En 2002 est créé un bureau du renseignement pénitentiaire qui devient en 2004 l’état-major de sécurité (EMS), auquel reviennent, comme le stipule l’organigramme de l’AP, « les fonctions opérationnelles relatives à la gestion de la détention et aux questions de sécurité pénitentiaire »15. Il s’agit donc non seulement d’un service intégré mais encore disposant d’une visibilité institutionnelle au sein de l’organigramme pénitentiaire. Comptant 12 personnes, ce service, outre quelques fonctions de directions transversales, se subdivise en deux branches : la première concerne la lutte contre le grand banditisme et se répartit en quatre ramifications qui recouvrent les différentes régions de France ; la seconde concerne le terrorisme et la criminalité organisée internationale et recouvre différentes thématiques. Cette innovation au niveau de l’administration centrale s’accompagne de la création dans toutes les DI d’un délégué local chargé de cette mission dans les établissements qui eux-mêmes disposent d’officiers de renseignements. À cette structuration interne s’ajoute l’établissement de relations partenariales avec le « réseau du renseignement » français. Donc, comme cela nous a été expliqué, s’il y a rupture en 2003, c’est bien à travers la création de ce « guichet » identifiable qui met en visibilité l’action de l’administration pénitentiaire dans le renseignement. Si, ainsi que l’a dit un de nos interlocuteurs sur ce sujet, « ce n’est pas que l’organe crée la fonction, car la fonction était là avant l’organe, mais l’organe a amplifié la fonction ». La création d’EMS permet de plus de centraliser l’information en devenant le point d’entrée exclusif pour suivre les individus écroués en milieu carcéral, faisant office d’interlocuteur exclusif sur ces questions. En retour, l’AP dispose d’un partage de l’information sur les individus en question touchant à leur dangerosité éventuelle, leur profil psychologique et leurs points faibles.

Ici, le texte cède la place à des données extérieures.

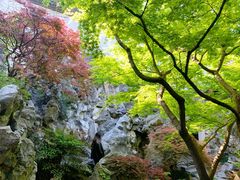 -胡雪岩故居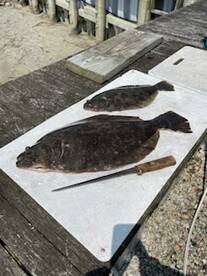 Sea Bass and Fluke fishing is in full sw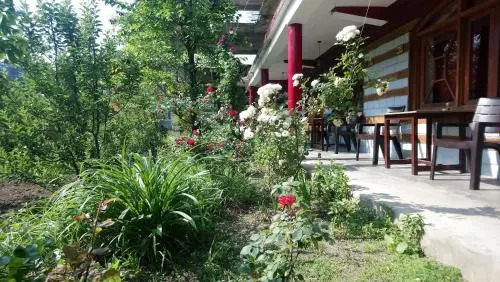 Splendour Manali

3.2.2. De la détection des « prosélytes » à celle des détenus en voie de « radicalisation » Dans le sillage de cette première étape, l’AP s’est attelée à sensibiliser les personnels à l’observation des dérives éventuelles des personnes détenues. Dès 2004, Dominique Perben a annoncé à grand renfort de médiatisation qu’une formation des surveillants de prison « au suivi du prosélytisme » est mise en place16. On trouve également trace de cette innovation dans les notes adressées par la DAP aux établissements, faisant elles aussi référence au prosélytisme17. Comme le note Hernandez de la Mano, élève directeur, « les surveillants sont sensibilisés aux changements de comportement et ils suivent les formations afin de déceler les premiers signes d’une activité prosélyte en détention » (2006, p. 63).

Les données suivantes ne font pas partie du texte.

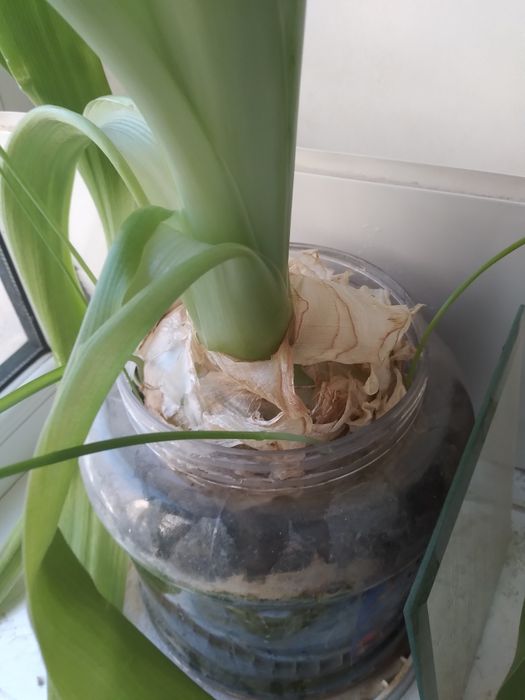 Цветок Индийский лук для суставов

C’est en effet cette catégorie qui a été retenue alors pour désigner les détenus très engagés dans la pratique religieuse et développant une emprise religieuse sur leurs codétenus, amenant ces derniers soit à intensifier leur pratique, soit – pour les non-musulmans – à

15 Pour plus de détails sur la création de ce service et son action voir Laurent Ridel, 2012, « Les outils développés par l’administration pénitentiaire en matière de sécurité », Cahiers de la Sécurité, n°20 (juin), p. 112-115 ; Nicolas Jauniaux et Dimitri Zoubas, 2012, « L’administration pénitentiaire au cœur du réseau partenarial du renseignement », Cahiers de la Sécurité n°20 (juin), p. 116-119 ; ou encore Nicolas Jauniaux et Stéphane Scotto, 2012,« Le défi du renseignement », Cahiers de la Sécurité n°13 (juillet-septembre), p. 51-55.

16 On trouve à ce sujet de nombreux articles dans les médias.

17 Notes auxquelles nous n’avons pas eu accès.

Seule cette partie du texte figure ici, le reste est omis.